Aurelia bis: una storia senza senso
In teoria, il senso ci sarebbe: offrire a Savona una circonvallazione decente, a circa 100 anni dall’inaugurazione della strada costiera. Ma in Italia, costruire pochi chilometri di una semplice strada statale si trasforma in un’impresa titanica.
Dopo circa 20 anni di tentativi, pochi chilometri rimangono un traguardo lontano, fra fallimenti a ripetizione e una situazione grottesca. Oggi i lavoratori dell’ennesima azienda incaricata dei lavori sono in sciopero permanente: niente stipendi, nessuna prospettiva e una generale indifferenza.
O forse non è solo indifferenza. È rassegnazione da parte della gente comune, ormai esasperata. Quello che potrebbe sembrare ridicolo è invece profondamente drammatico. A Grana, ad Albisola, una montagna di detriti è lì da decenni come un triste monumento al degrado del nostro sistema. La situazione del resto è chiara a tutti: basta percorrere la “bretella” tra le due Albisole per rendersi conto che siamo ben lontani dal progresso.
Eppure, la soluzione non sarebbe complicata: imporre alle aziende aggiudicatarie l’obbligo di un fido bancario pari al valore dell’opera. Se non finiscono i lavori, i fondi vengono prelevati e l’opera viene affidata a qualcun altro. Semplice, no?
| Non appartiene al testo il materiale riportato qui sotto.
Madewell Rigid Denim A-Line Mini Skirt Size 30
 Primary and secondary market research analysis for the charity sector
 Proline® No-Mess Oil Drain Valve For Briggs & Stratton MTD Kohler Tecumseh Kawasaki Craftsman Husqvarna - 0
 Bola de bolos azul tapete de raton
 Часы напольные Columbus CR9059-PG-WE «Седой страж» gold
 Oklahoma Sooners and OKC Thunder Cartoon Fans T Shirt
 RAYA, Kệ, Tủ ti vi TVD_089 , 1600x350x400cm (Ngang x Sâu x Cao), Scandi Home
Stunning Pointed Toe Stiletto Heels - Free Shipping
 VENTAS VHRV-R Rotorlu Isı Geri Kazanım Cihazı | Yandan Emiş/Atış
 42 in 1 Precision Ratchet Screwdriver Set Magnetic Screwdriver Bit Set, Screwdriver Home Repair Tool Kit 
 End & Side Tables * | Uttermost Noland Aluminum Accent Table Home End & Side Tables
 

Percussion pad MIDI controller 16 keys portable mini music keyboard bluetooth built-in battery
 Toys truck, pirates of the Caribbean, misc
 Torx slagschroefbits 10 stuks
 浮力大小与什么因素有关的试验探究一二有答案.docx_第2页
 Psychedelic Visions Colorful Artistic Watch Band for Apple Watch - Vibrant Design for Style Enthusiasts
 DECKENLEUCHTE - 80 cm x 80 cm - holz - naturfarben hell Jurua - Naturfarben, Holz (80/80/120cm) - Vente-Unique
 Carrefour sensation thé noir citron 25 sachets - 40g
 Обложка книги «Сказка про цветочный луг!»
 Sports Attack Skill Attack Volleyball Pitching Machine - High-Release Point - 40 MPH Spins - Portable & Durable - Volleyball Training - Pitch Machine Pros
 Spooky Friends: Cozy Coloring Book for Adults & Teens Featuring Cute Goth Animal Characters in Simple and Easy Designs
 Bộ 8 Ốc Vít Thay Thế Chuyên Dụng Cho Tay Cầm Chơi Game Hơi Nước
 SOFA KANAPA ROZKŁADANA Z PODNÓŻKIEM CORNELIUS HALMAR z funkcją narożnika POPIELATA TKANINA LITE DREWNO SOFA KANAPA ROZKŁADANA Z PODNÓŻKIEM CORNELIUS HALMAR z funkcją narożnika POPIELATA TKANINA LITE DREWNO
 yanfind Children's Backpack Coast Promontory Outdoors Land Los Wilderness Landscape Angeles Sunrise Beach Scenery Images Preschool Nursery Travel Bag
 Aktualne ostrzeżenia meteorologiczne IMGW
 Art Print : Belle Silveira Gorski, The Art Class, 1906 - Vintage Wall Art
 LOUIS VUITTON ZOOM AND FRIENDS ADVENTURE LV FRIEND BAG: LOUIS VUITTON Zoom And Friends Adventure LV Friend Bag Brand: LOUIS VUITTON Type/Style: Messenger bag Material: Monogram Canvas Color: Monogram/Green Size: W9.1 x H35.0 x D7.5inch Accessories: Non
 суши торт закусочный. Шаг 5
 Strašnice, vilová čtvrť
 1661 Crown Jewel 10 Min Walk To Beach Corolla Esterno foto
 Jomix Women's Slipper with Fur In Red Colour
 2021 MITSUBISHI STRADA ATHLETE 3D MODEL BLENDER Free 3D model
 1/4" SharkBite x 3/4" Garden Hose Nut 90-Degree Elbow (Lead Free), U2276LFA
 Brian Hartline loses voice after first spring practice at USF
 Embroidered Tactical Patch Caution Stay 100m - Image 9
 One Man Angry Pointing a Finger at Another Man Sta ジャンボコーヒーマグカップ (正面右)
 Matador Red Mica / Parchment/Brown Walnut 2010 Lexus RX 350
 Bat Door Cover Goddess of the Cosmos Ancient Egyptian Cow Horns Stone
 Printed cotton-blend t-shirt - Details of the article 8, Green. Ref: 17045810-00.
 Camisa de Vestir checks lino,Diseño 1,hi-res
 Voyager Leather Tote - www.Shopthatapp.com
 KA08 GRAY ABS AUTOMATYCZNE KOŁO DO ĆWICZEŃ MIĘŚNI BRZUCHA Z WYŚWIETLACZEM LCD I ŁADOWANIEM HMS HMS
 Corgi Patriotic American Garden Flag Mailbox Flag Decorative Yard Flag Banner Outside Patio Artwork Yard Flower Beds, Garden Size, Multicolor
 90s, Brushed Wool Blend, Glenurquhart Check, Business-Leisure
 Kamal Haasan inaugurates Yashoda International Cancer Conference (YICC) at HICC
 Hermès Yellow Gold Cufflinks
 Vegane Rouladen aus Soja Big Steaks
Intanto, i sindaci si mobilitano giustamente per qualcosa che dovrebbe essere del tutto normale: completare una strada, un’opera rimasta in sospeso per decenni. È surreale pensare che il progetto originale prevedeva il coinvolgimento di Varazze: l’Aurelia bis avrebbe dovuto iniziare da Pecorile.
Ma come sempre, una parte è stata cancellata. La tratta tra Celle e Albisola è sparita dai piani, lasciando i cittadini di Varazze condannati, anche una volta completata l’Aurelia bis, a percorrere la litoranea per raggiungere Savona.